* _Exercise prompt_
Everything from the first line of the entries below through the line holding "Theophile Steinlen 2x" must be printed exactly as written.

*** Block opens ***

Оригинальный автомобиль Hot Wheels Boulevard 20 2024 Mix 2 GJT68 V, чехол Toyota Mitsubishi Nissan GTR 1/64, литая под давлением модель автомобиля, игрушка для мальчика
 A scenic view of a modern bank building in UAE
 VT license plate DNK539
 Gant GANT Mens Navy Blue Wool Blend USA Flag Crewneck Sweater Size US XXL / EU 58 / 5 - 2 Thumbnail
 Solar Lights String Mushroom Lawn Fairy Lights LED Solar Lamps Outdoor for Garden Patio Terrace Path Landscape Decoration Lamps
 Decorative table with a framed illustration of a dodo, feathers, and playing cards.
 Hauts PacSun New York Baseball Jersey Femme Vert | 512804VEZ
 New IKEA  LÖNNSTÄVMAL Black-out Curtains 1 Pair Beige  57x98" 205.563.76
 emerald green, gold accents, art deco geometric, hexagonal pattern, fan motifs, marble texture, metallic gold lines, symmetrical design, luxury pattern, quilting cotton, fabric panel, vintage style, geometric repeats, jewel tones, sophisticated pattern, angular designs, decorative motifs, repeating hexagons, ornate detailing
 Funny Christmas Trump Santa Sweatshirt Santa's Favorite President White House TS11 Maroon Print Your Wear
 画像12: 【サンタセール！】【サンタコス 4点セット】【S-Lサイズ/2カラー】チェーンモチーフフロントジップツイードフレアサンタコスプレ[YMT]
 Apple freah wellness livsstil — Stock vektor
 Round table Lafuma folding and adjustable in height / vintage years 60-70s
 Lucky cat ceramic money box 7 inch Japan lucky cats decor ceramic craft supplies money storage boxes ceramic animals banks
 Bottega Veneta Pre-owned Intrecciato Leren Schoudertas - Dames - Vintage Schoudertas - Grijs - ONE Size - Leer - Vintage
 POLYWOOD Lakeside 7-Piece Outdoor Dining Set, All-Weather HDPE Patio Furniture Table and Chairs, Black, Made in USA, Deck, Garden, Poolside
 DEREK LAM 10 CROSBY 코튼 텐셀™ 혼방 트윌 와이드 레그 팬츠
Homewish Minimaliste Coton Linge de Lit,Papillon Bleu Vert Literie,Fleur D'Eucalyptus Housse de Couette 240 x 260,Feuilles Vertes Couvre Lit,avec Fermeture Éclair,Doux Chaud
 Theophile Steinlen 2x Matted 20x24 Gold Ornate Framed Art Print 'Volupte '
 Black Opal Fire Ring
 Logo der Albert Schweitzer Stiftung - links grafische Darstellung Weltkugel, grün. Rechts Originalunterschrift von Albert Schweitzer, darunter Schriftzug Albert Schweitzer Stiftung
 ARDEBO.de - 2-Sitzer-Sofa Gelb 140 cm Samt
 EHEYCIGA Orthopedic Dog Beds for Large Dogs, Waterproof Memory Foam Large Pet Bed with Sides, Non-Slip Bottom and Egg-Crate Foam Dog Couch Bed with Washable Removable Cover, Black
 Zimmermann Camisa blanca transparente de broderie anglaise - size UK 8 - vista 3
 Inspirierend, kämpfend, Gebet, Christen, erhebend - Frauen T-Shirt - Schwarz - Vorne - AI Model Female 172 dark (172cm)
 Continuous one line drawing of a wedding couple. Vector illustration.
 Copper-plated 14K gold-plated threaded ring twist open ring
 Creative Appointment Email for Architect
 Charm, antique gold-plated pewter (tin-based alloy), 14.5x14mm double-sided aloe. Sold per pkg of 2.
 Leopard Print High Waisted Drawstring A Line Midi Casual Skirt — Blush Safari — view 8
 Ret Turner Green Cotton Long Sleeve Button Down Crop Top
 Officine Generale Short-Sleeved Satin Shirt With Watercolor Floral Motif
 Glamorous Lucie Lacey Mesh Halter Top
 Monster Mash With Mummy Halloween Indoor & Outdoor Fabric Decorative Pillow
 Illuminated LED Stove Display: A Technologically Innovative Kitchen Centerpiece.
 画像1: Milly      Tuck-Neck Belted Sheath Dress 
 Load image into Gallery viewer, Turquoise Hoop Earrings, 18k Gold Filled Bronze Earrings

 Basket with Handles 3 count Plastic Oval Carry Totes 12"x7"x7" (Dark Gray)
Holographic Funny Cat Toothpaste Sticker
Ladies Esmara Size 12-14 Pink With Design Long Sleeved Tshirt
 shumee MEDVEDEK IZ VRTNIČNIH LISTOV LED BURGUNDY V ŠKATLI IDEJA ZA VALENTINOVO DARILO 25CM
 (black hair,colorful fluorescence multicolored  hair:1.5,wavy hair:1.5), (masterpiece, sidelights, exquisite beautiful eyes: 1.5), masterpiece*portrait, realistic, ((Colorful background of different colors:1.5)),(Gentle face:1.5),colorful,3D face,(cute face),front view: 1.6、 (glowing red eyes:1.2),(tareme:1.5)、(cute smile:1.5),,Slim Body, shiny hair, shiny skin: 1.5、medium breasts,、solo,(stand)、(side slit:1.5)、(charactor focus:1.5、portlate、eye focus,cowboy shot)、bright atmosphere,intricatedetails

*** Block closes ***

* _Problem solution_
Оригинальный автомобиль Hot Wheels Boulevard 20 2024 Mix 2 GJT68 V, чехол Toyota Mitsubishi Nissan GTR 1/64, литая под давлением модель автомобиля, игрушка для мальчика
 A scenic view of a modern bank building in UAE
 VT license plate DNK539
 Gant GANT Mens Navy Blue Wool Blend USA Flag Crewneck Sweater Size US XXL / EU 58 / 5 - 2 Thumbnail
 Solar Lights String Mushroom Lawn Fairy Lights LED Solar Lamps Outdoor for Garden Patio Terrace Path Landscape Decoration Lamps
 Decorative table with a framed illustration of a dodo, feathers, and playing cards.
 Hauts PacSun New York Baseball Jersey Femme Vert | 512804VEZ
 New IKEA  LÖNNSTÄVMAL Black-out Curtains 1 Pair Beige  57x98" 205.563.76
 emerald green, gold accents, art deco geometric, hexagonal pattern, fan motifs, marble texture, metallic gold lines, symmetrical design, luxury pattern, quilting cotton, fabric panel, vintage style, geometric repeats, jewel tones, sophisticated pattern, angular designs, decorative motifs, repeating hexagons, ornate detailing
 Funny Christmas Trump Santa Sweatshirt Santa's Favorite President White House TS11 Maroon Print Your Wear
 画像12: 【サンタセール！】【サンタコス 4点セット】【S-Lサイズ/2カラー】チェーンモチーフフロントジップツイードフレアサンタコスプレ[YMT]
 Apple freah wellness livsstil — Stock vektor
 Round table Lafuma folding and adjustable in height / vintage years 60-70s
 Lucky cat ceramic money box 7 inch Japan lucky cats decor ceramic craft supplies money storage boxes ceramic animals banks
 Bottega Veneta Pre-owned Intrecciato Leren Schoudertas - Dames - Vintage Schoudertas - Grijs - ONE Size - Leer - Vintage
 POLYWOOD Lakeside 7-Piece Outdoor Dining Set, All-Weather HDPE Patio Furniture Table and Chairs, Black, Made in USA, Deck, Garden, Poolside
 DEREK LAM 10 CROSBY 코튼 텐셀™ 혼방 트윌 와이드 레그 팬츠
Homewish Minimaliste Coton Linge de Lit,Papillon Bleu Vert Literie,Fleur D'Eucalyptus Housse de Couette 240 x 260,Feuilles Vertes Couvre Lit,avec Fermeture Éclair,Doux Chaud
 Theophile Steinlen 2x Matted 20x24 Gold Ornate Framed Art Print 'Volupte '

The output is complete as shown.